Better Than Lionel Messi?
Diego Armando Maradona's son-in-law's stock has risen so much in the last two seasons that Premier League champions and European heavyweights Manchester United are (reportedly) seriously contemplating a bid for the player. Aguero, though, has persistently insisted that he is not thinking of leaving Atleti anytime soon, but as many Atletico fans dread, just like El Nino, El Kun too could be forced to leave the Calderon to ‘enhance his career’.
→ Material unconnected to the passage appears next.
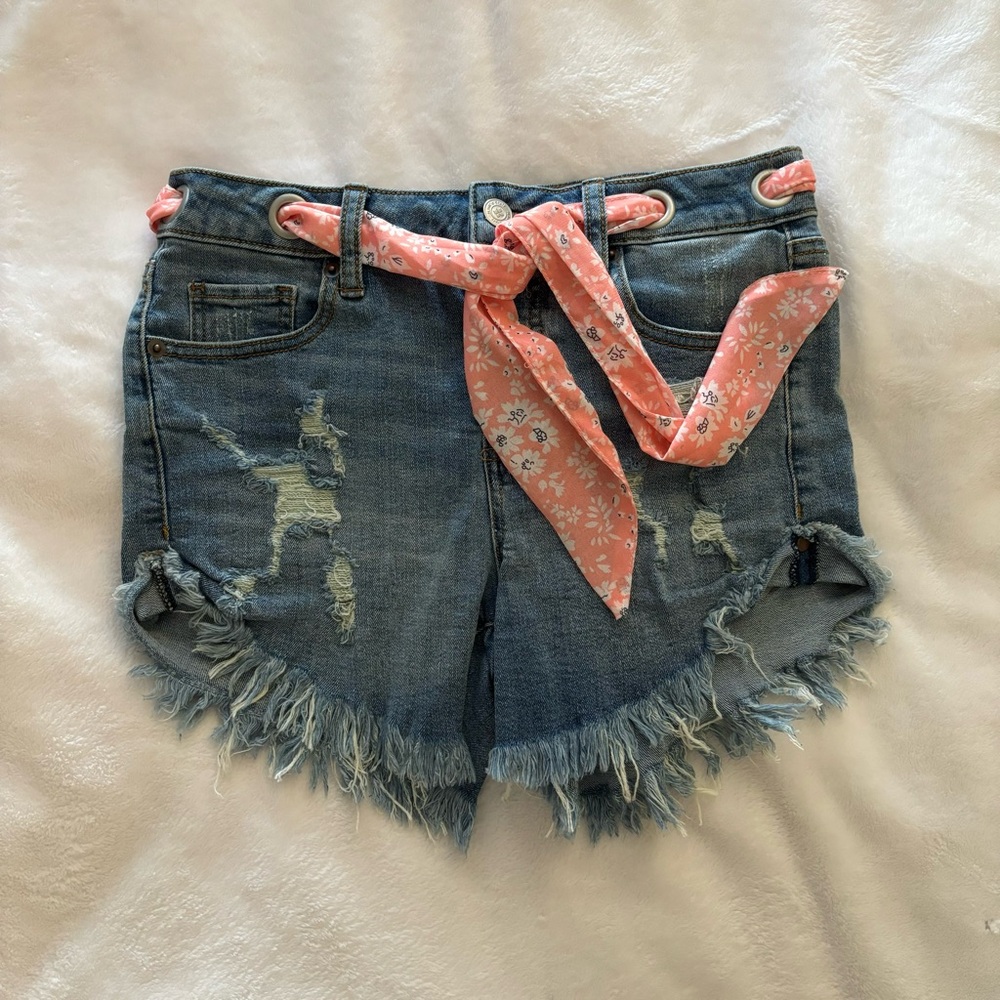 Altar’d State Jean Shorts with belt size 25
And just like Fernando Torres, Aguero has no shortage of admirers. In Spain both FC Barcelona and Real Madrid have been linked with the player, with Aguero himself admitting that he would like to play with Lionel Messi at some point in his club career; both the Milan sides - Inter and AC- are keen admirers of the prodigious talent and in England Chelsea and Manchester United would require no second invitation to sign perhaps the most talented 21-year-old striker in the world.
Sergio Aguero is a player whom Jorge Valdano would like to describe as 'culo bajo', stocky or low-arsed. One columnist enthused that Aguero is "a talent that could surpass Messi's if only because the new kid on the block is a better finisher" while there is a universal belief - or at least among those who bother to watch the second most entertaining side in Europe week in week out, a side that once ended a game 6-3 and that score goals at canter and concede them with equal ease- that Aguero is the closest thing to a Romario, with his sudden shaking off players in the opposition penalty area and taking the shot without seemingly even interested to do so.
Young And Ambitious
At 21 Sergio Aguero is discernibly young and ambitious and would love to win anything and everything; and at Atletico chances of doing that are slim. With Barcelona asserting themselves as the best team in Europe and Real Madrid making expensive summer signings to usurp the throne, La Liga is now going to be a battle between the old duo. Although Atleti do have the unpredictability to make it through in the European Cup, their defensive frailties are all too obvious.
Aguero's technical ability, unalloyed talent, burst of speed, keen eye for goal, physical strength and mobility would see him succeed in any league he plays and for whichever club, if given the right service from the midfield and played to his strengths. Which is why the likes of Manchester United and Chelsea are interested in getting the prized signature of El Kun.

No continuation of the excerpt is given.